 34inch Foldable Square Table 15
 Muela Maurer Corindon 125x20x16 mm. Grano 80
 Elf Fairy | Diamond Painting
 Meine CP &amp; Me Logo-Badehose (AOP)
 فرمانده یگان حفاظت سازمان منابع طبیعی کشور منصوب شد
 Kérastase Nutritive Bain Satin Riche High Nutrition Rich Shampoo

--

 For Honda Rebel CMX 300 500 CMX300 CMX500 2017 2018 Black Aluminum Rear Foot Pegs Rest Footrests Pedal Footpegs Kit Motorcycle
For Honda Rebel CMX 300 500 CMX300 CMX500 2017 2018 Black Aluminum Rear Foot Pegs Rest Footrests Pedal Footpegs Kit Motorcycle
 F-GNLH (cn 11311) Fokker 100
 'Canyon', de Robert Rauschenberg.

◆ Brief
Scan the listing above for the word "Foot" and show each line where it is found.

◆ Answer area
 For Honda Rebel CMX 300 500 CMX300 CMX500 2017 2018 Black Aluminum Rear Foot Pegs Rest Footrests Pedal Footpegs Kit Motorcycle
For Honda Rebel CMX 300 500 CMX300 CMX500 2017 2018 Black Aluminum Rear Foot Pegs Rest Footrests Pedal Footpegs Kit Motorcycle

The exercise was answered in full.